Exercise> Quote the entries below from the line with "Vintage Fenton Aqua" through the line with "Victoria Empress, Silver", both ends included, and only those lines.

Material provided>
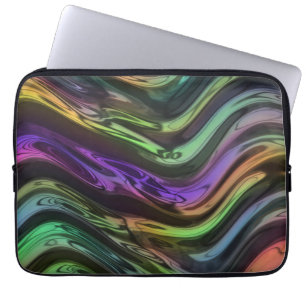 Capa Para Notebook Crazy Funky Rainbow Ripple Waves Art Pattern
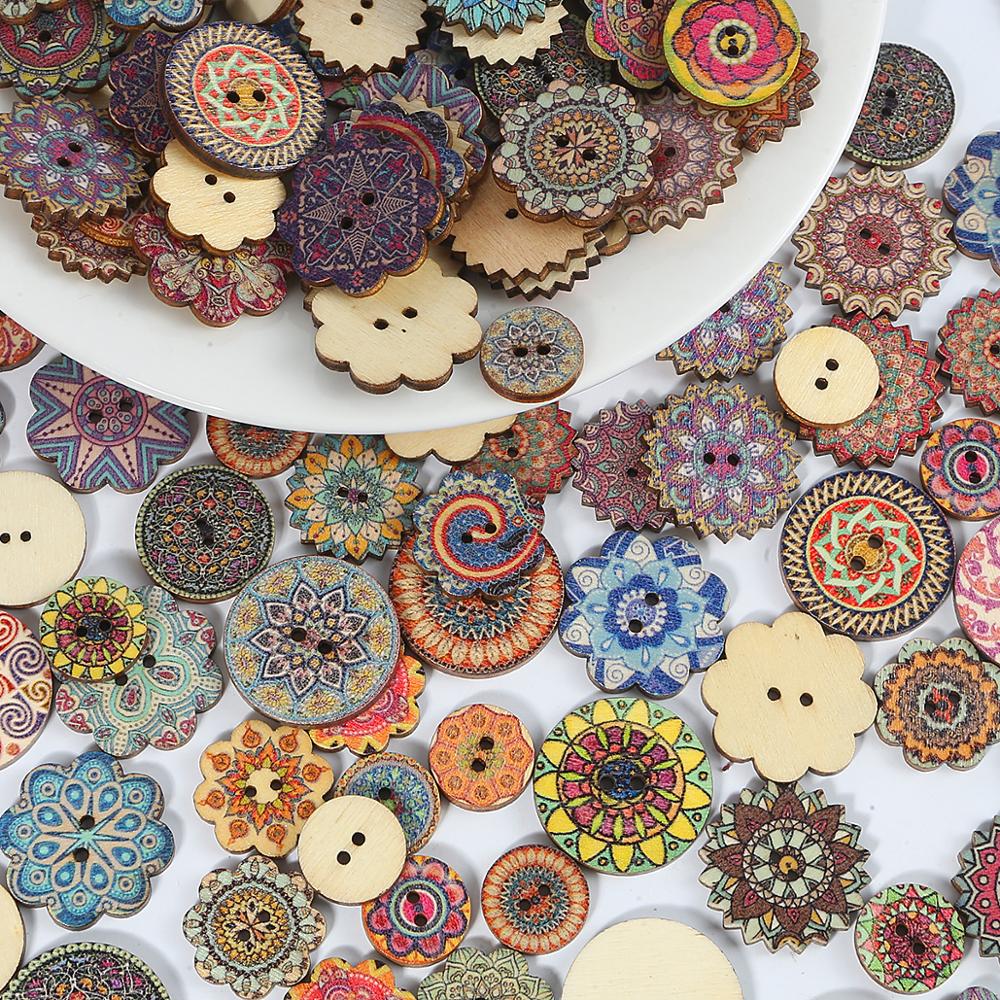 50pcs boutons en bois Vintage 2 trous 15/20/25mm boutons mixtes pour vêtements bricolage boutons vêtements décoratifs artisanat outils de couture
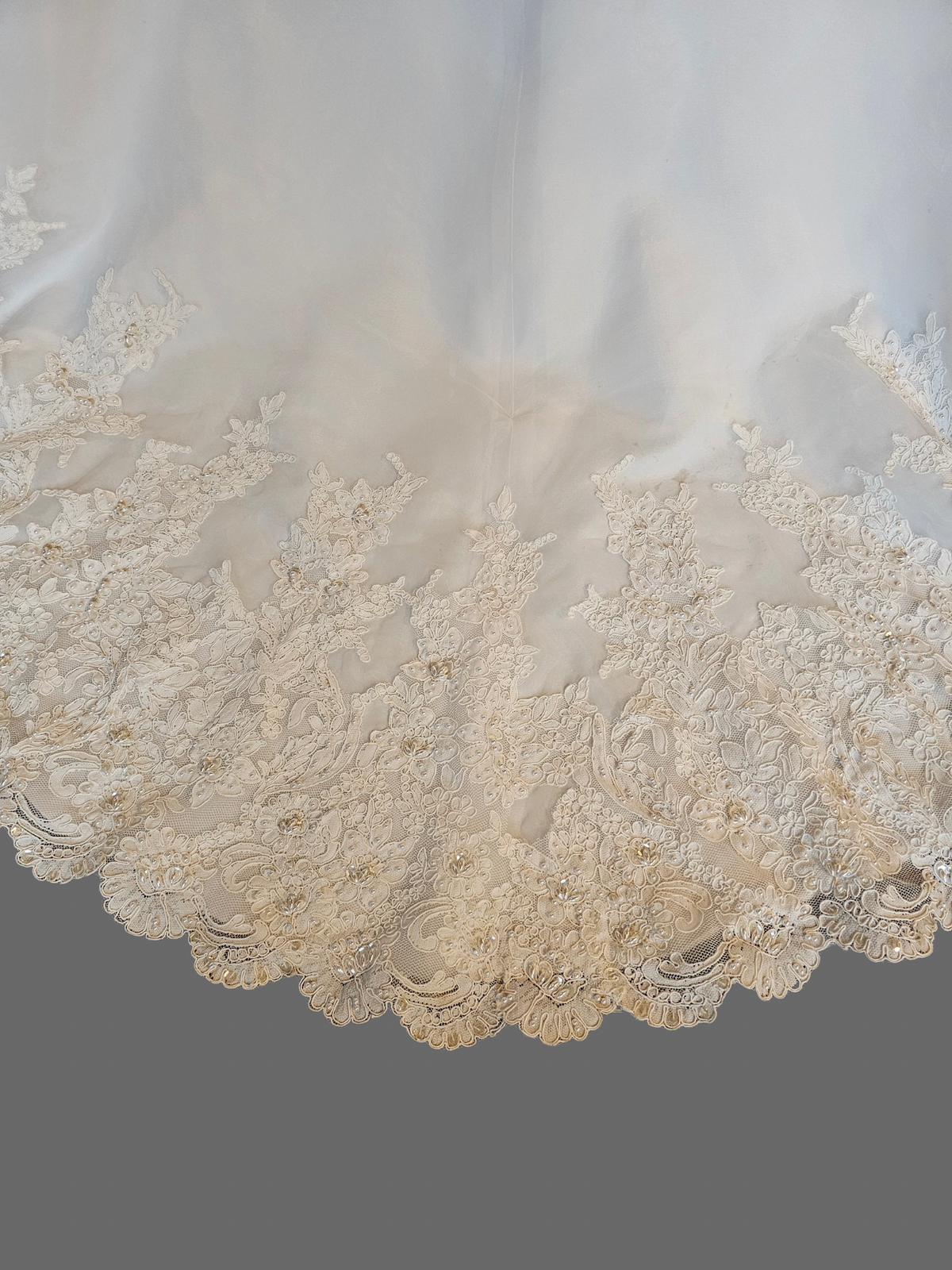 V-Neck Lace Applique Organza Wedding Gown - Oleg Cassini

--

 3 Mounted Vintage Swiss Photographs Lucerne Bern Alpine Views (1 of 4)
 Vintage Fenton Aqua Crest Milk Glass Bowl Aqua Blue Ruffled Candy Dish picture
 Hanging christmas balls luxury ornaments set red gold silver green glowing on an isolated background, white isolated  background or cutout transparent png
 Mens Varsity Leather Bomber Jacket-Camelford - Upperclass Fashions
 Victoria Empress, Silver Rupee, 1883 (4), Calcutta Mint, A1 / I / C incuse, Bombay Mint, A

==

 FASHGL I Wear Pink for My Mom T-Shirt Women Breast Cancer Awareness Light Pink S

Response>
 Vintage Fenton Aqua Crest Milk Glass Bowl Aqua Blue Ruffled Candy Dish picture
 Hanging christmas balls luxury ornaments set red gold silver green glowing on an isolated background, white isolated  background or cutout transparent png
 Mens Varsity Leather Bomber Jacket-Camelford - Upperclass Fashions
 Victoria Empress, Silver Rupee, 1883 (4), Calcutta Mint, A1 / I / C incuse, Bombay Mint, A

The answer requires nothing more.